I have a task that requires me to take a raw data set, and process it into a set of tables for different information - we'll call them tables A, B, and C.
One particular aspect of this task is that table B has a foreign key tying it to table A, and table C has a foreign key tying it to tables A and B - though the foreign key of the table C record tying it to table A need not be the same as that of the record that it is linked to in table B. EG:
BID AID BRecord
1 1 jkl
2 1 mno
3 3 pqr
CID BID AID ARecord
1 1 1 stu
2 3 2 vwx
3 3 3 yz
The method which I've undertaken to handle this task is to use SSIS to build table A from the raw data set first. Once this is done, table B is built from the raw data set, with table A used as a lookup to supply the AID. Finally, the table C is built, with address tables A and B used as lookups for the AID and BID fields respectively.

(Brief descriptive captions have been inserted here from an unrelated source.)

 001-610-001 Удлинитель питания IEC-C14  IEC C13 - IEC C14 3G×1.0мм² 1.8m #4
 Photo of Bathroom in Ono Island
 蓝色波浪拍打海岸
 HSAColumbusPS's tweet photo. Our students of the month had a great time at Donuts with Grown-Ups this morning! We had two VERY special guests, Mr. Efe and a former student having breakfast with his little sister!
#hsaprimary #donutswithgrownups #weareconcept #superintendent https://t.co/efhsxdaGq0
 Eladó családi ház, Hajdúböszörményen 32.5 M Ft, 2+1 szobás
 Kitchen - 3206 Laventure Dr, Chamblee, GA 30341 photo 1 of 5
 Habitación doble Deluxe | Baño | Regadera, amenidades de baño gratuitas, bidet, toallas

Now, this task works perfectly fine when the data sets are small enough. The machine on which this process is running has 16gb of memory, and so it can handle pretty intense queries. However, the way in which the lookups are working is using a ridiculous amount of memory, too much even for the machine to handle.

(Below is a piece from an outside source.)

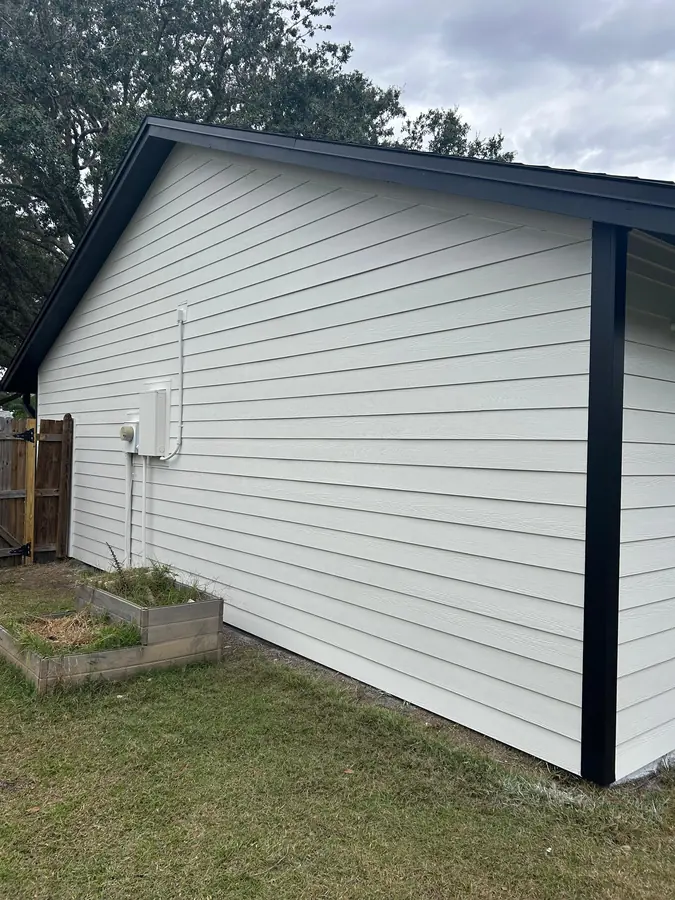 Completed residential siding installation by Endless Siding in Florida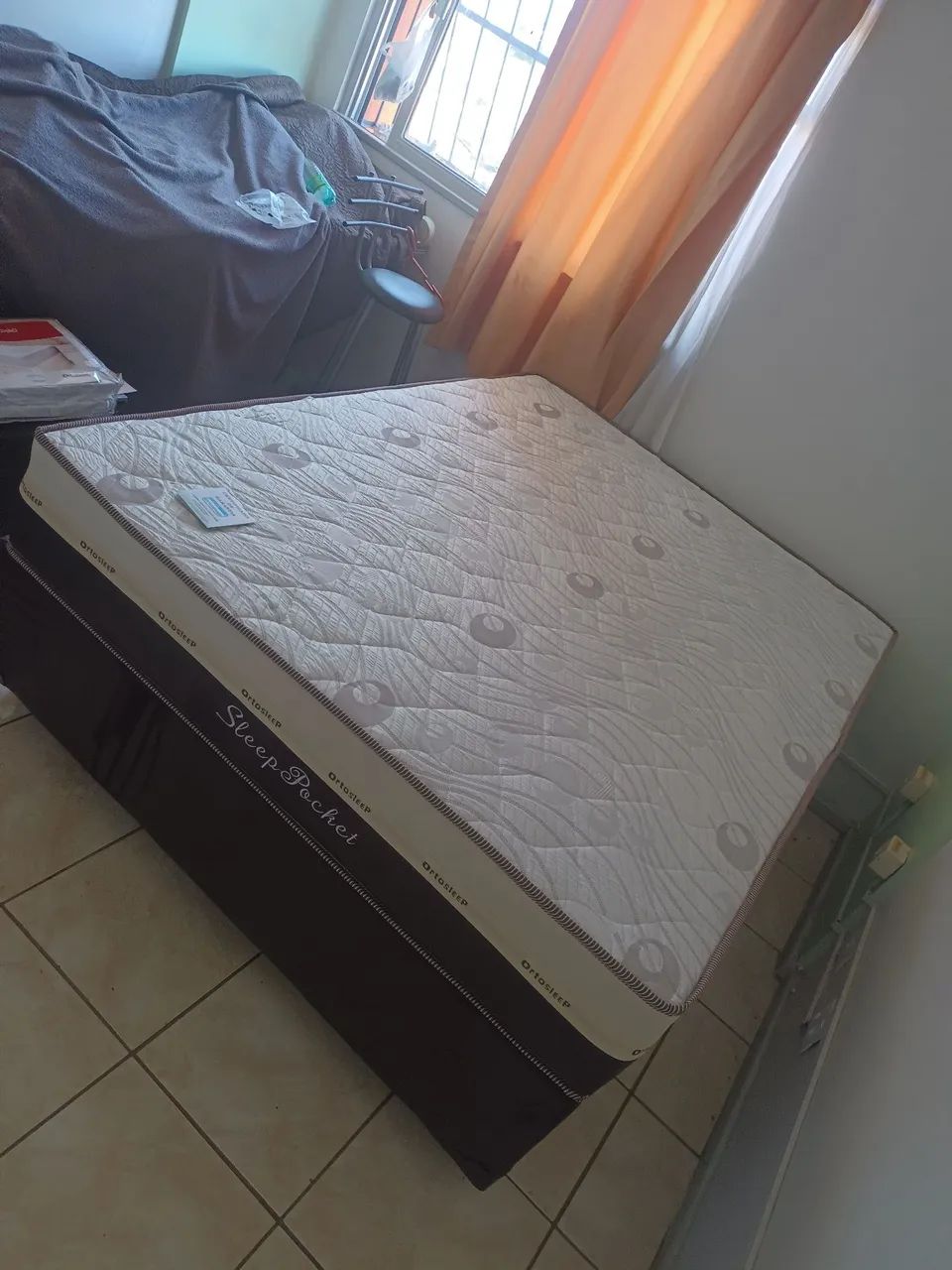 Cama casal confortável grátis travesseiro e entrega  - Foto 3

One raw data set contains some 10 million odd records. When processed into its respective tables A and B, it yields about 8 million table A records and about 10 million table B records. When the task to build table C is executed, the lookups for the tables A and B take up about 7gb of memory each, which causes the task to grind to a halt after processing around 2 million records.
We were initially using a full cache for the lookups; after some research I discovered that full cache requires there to be enough memory space to handle caching of the entire table, and should that space become unavailable, the task would fail. Partial cache was the next attempt we used, however, the problem with partial caching is that the process took far too long to execute, since the lookups against the table on the database level were far too slow.

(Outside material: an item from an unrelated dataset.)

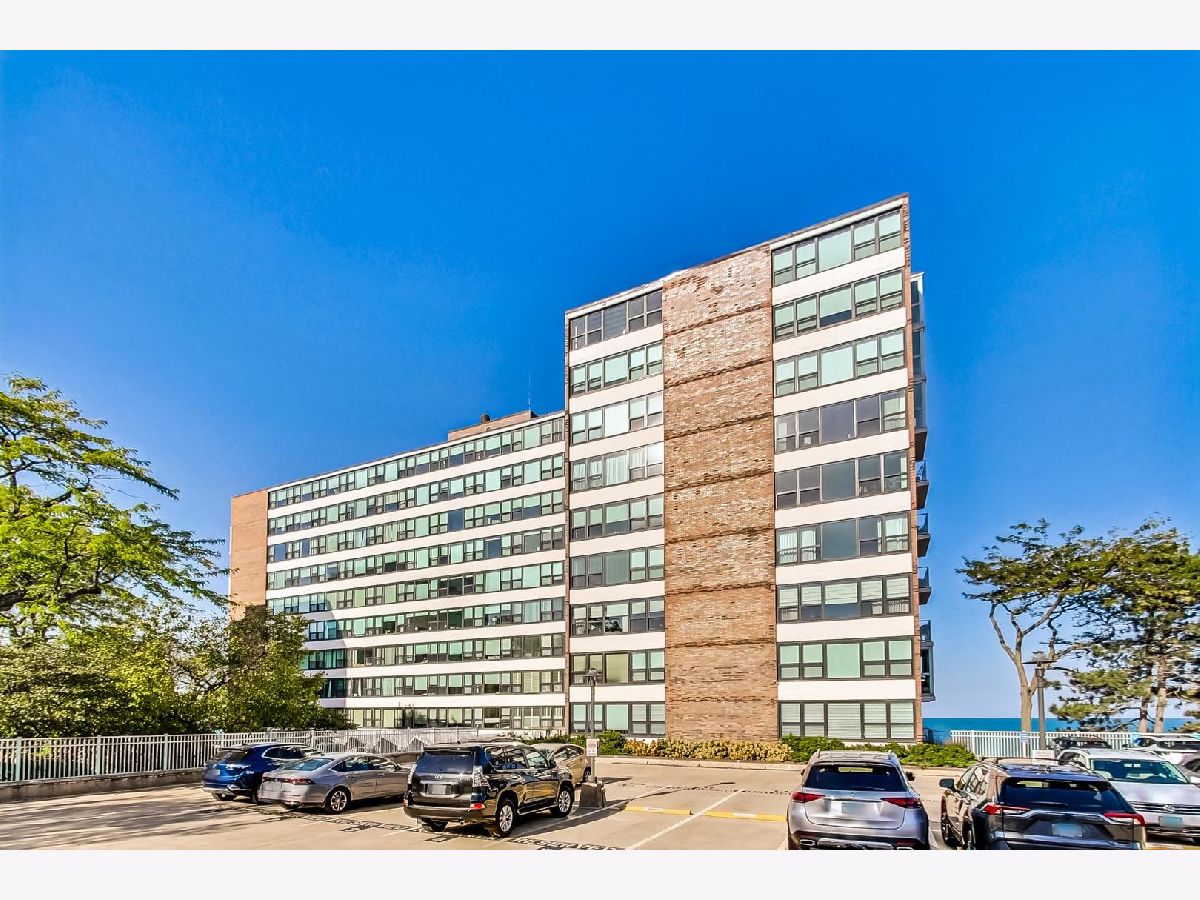  For Sale Wilmette Illinois, 1616 Sheridan Road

The attempt which I plan on trying next, is to split the build table C into four sets, by dividing the raw data source in four. This would result in the lookups against tables A and B processing far fewer records each, and should allow the entire process to be completed successfully.
However this approach is a bit cumbersome, because it requires me to duplicate the task four times and change the respective queries. Further, every time I add to the raw data source, I'll need to re-think the splitting such that the tasks become manageable.
Is there a better approach to handling this requirement, or is my approach the optimal to handle the task?